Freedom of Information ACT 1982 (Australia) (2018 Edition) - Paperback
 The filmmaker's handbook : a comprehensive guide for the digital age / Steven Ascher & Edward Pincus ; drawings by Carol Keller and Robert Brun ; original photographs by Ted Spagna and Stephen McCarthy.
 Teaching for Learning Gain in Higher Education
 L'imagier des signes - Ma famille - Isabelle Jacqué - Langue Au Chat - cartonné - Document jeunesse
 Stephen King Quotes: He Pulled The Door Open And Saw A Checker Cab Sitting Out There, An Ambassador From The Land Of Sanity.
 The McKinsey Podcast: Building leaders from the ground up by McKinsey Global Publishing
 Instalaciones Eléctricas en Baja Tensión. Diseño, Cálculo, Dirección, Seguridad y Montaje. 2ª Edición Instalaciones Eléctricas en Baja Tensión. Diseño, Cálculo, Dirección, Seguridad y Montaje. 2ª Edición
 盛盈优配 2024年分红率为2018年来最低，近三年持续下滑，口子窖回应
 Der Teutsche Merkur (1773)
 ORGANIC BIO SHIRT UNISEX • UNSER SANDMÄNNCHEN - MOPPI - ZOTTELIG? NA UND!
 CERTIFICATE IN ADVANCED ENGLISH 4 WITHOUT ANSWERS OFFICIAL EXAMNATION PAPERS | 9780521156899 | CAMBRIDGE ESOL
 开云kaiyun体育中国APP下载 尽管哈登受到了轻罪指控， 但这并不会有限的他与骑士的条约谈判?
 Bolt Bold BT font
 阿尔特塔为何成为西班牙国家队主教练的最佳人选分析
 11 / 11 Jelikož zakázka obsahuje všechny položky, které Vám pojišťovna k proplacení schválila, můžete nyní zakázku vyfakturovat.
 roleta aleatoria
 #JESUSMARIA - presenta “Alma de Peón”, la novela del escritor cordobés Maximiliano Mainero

---+---

Your answer should be the lines from the one that contains "11 / 11 Jelikož" through the last line of the material, copied exactly.

[Final answer]
 11 / 11 Jelikož zakázka obsahuje všechny položky, které Vám pojišťovna k proplacení schválila, můžete nyní zakázku vyfakturovat.
 roleta aleatoria
 #JESUSMARIA - presenta “Alma de Peón”, la novela del escritor cordobés Maximiliano Mainero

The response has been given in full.